Terpenes are large class of aromatic compounds with great medicinal and energy values used widely in the synthesis of fragrance, pharmaceuticals, food additives and aviation fuels. There is a huge demand in the market every year at home and abroad. Microbial fermentation is a green and sustainable way to obtain the terpenoids. However, terpenoids are very toxic to the cells because of the strong lipophilic characteristic which can cause serious oxidative stress. Therefore, it’s crucial to improve the terpene stress tolerance of the microorganisms for the both increase of the production quantity and quality. It was found that in the previous study the transcription factor Yap1 with the effect of "multi-gene regulation" was involved in the oxidative stress response in the yeast cells. Therefore, this project will focus on the global regulation of terpene stress tolerance in yeast strains through the directed evolution of the transcription factor Yap1 that could make different expression patterns of multiple genes; moreover, combining the different -omics techniques including metabolomics and transcriptomics to identify the key metabolites and genes that are involved in the terpene stress responses. The gene functions and the metabolic pathways and/or signal transduction pathways will be also studied by employing the bio-information analysis. It will uncover the response mechanism of terpene stress from both the metabolic and molecular level in our study and be helpful to broaden the application scope of Saccharomyces cerevisiae as the excellent chassis cells for industrial biochemical production and to provide necessary theoretical basis for the genetic modification of yeast strains.

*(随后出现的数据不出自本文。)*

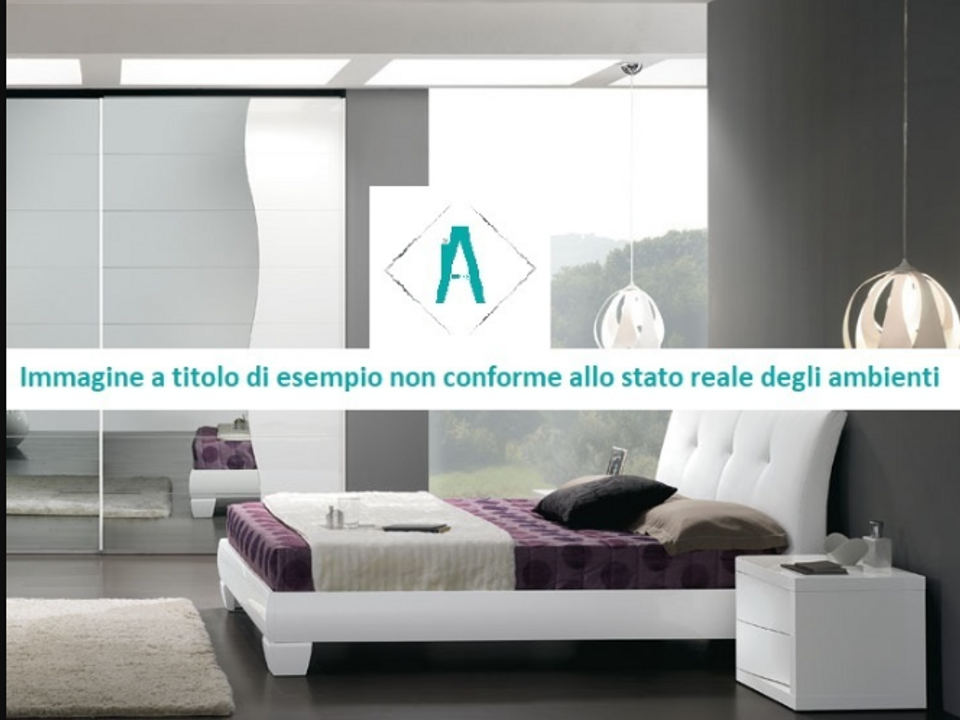 Lejlighed i Campomorone, Genoa - foto 3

萜烯类物质具有重大医药和能源价值，广泛用于合成香料、药物、食品添加剂、航空燃料等，市场需求量巨大。微生物发酵获取萜类物质是一条绿色可持续的途径，但由于萜类物质极强的亲脂性，对微生物细胞具有破坏作用，引发严重的氧化胁迫。因此提高菌株对萜烯物质的耐受性对于发酵产品的产量与品质至关重要。前期研究发现，具有“多基因调控”效应的转录因子Yap1参与细胞的氧化胁迫应答反应。因此，本项目将通过对转录因子Yap1的定向进化，改变细胞内多个基因的表达模式，达到对细胞代谢活动的全局调控，提高菌株的萜烯耐受性；结合代谢组学、转录组学研究方法识别细胞参与萜烯胁迫的关键性代谢物和基因，对基因功能及其参与的代谢途径和信号转导途径进行生物信息学分析，进而从代谢和分子两个水平探究酵母细胞对萜烯胁迫的应答机制。本研究将有助于拓宽酿酒酵母作为优良底盘细胞的应用范围，对抗逆性酵母菌株的分子改良提供必要的理论依据。

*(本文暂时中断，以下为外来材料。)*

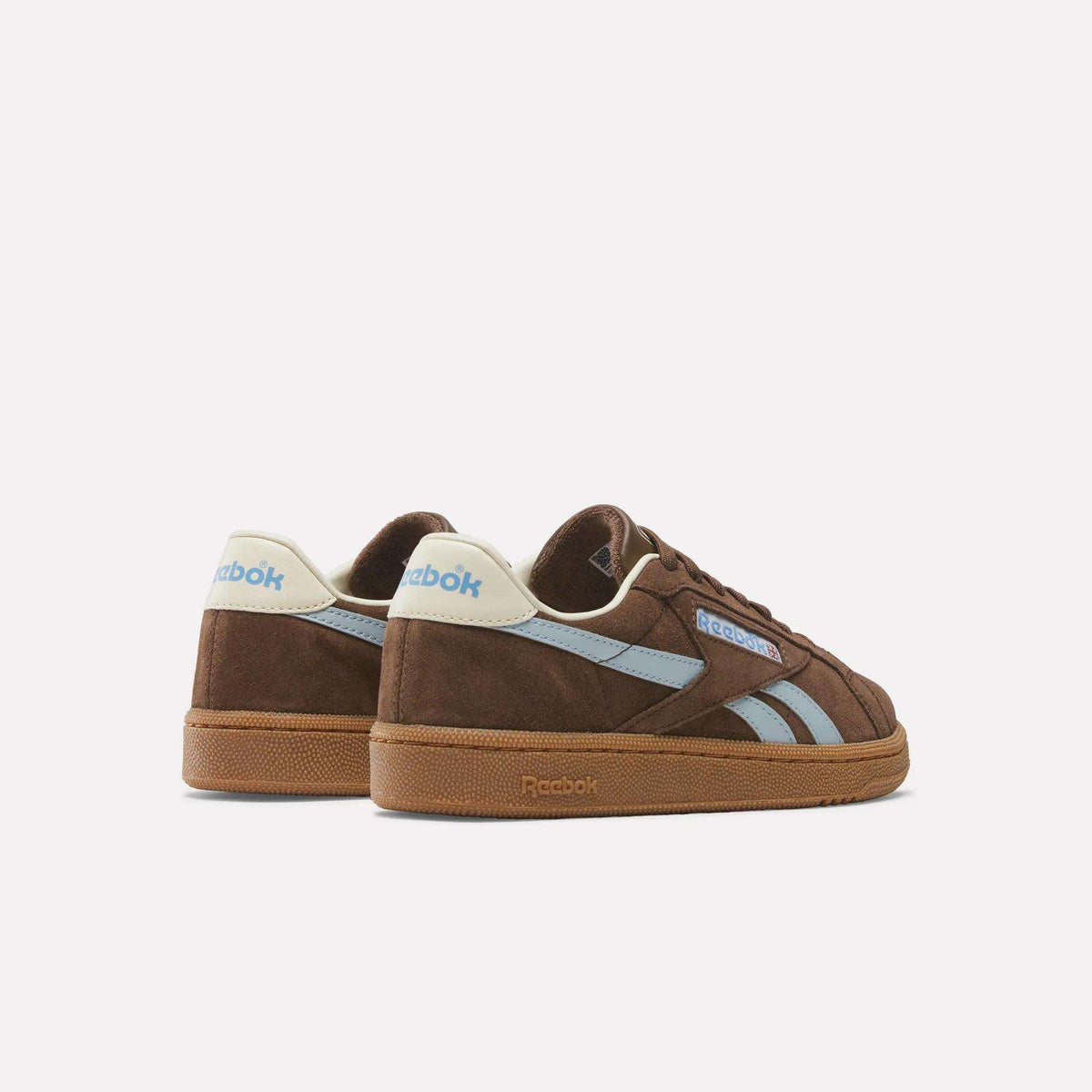 Women's Club C Grounds UK Shoes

萜烯类物质具有重大医药和能源价值，广泛用于合成香料、药物、食品添加剂、航空燃料等，市场需求量巨大。微生物发酵获取萜类物质是一条绿色可持续的途径，但由于萜类物质极强的亲脂性，对微生物细胞具有破坏作用，引发严重的氧化胁迫。因此提高菌株对萜烯物质的耐受性对于发酵产品的产量与品质至关重要。本项目通过对转录因子Yap1的定向进化，改变细胞内多个基因的表达模式，达到对细胞代谢活动的全局调控，提高了菌株的萜烯耐受性；同时采用驯化培养技术获得了具有稳定遗传特性的萜烯耐受性高的突变菌株；结合代谢组学、转录组学研究方法识别了细胞参与萜烯胁迫的关键性代谢物和基因，通过对关键基因进行KEGG代谢途径富集分析，发现主要的代谢途径包括：Carbohydrate transport and metabolism、Translation, ribosomal structure and biogenesis、Posttranslational modification, protein turnover、Intracellular trafficking, secretion, and vesicular transport。本研究将有助于拓宽酿酒酵母作为优良底盘细胞的应用范围，对抗逆性酵母菌株的分子改良提供必要的理论依据。